Cédric Tiberghien performs Julian Anderson’s Étude No.4 ‘Misreading Rameau’ in Australia in March 2026, at the Hedberg in Hobart (21 March) and UKARIA Cultural Centre, Adelaide (29 March).

Anderson’s 3-minute piece puts Rameau’s keyboard work ‘Le Lardon’ – literally ‘the lump of lard’ – through a series of surreal procedures inspired by experimental French writer Raymond Queneau and his colleagues of the OULIPO. Rameau’s Lardon – which also inspired Paul Dukas for his Variations, interlude et finale sur un thème de Rameau –  sees its treble and bass clefs swapped at will without changing the positions of the notes on the staves or their rhythms; Anderson also slows down the tempo considerably and adds selected octave doublings to the left-hand part.

The result is a solemn, somewhat processional work which becomes a gentle study in slow-motion keyboard agility. “My main aim in Misreading Rameau”, Anderson notes, “was to transform the rather plain Baroque original into music using the types of piano harmony and sonority I enjoy.”

Anderson’s preceding Études Nos. 1-3 (composed between 1995-1998) also cleave to creative constraints.
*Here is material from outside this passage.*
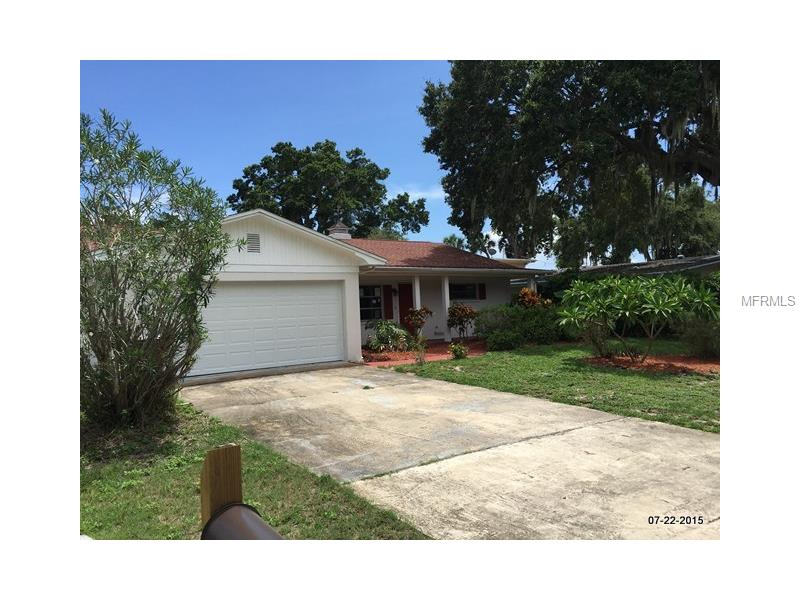 10 Jeff Rd, Largo, FL 33774 photo 1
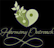 Harmony Outreach logo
No.1 is a short two-part polymetric invention that orbits the pitch C, as tribute to Sally Cavender, Anderson’s publisher at Faber Music. No.2 makes the pentatonic mode implied by the piano’s black notes its organising principle, coloured by varying numbers of white notes and further transpositions. No.3 is a double homage to Britten’s Diversions and Debussy’s Étude pour les Arpèges Composées, deploys circles of fourths and fifths alongside a mensural canon, resulting in complex harmonic cross-phasing and hemiolas.

Étude No.4 received its world premiere in Australia in 1999 from Stephen Gutman in Kununurra, WA. Tiberghien previously performed the piece at Wigmore Hall, alongside Anderson’s Études Nos.1-3, in 2013 as part of a day-long focus on the composer. He will give a further performance of Étude No.4 at Wigmore Hall on 4 April.